The young actors have certainly come a long way in their abilities, most notably Skandar Keynes and Georgie Henley as Edmund and Lucy. It’s good news to see them both signed on for the third installment The Voyage of the Dawn Treader. Newcomer Ben Barnes is making teenage hearts beat as the chiseled Prince Caspian. Peter Dinklage does a fantastic job of playing the crabby dwarf Trumpkin. He has very expressive eyes that bring a lot more depth to the character. Another new character is introduced named Reepicheep (voiced by Eddie Izzard). This noble swashbuckling mouse brings to mind very obvious comparisons to Puss In Boots from Shrek.
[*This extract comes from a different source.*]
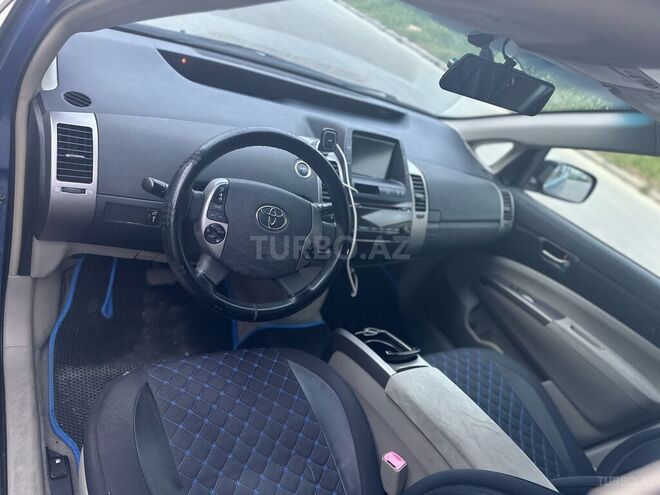 Toyota Prius-7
Director Andrew Adamson, brings a darker tone to this sequel and really tries to inject some emotion into the script. He gets good performances from the young actors, but unfortunately takes it a little too far by adding a clunky and unnecessary romance between Caspian and Susan. It springs up out of nowhere and fans of the books will know it also leads nowhere. No expense was spared on the special effects and they look incredible. The many species of Narnians are beautiful to behold including griffins, centaurs, minotaurs, lions, tigers and bears (Oh my!). Spectacular set pieces include a brief return of the White Witch (scene-stealing Tilda Swinton), and a gigantic water spirit called upon by Aslan himself.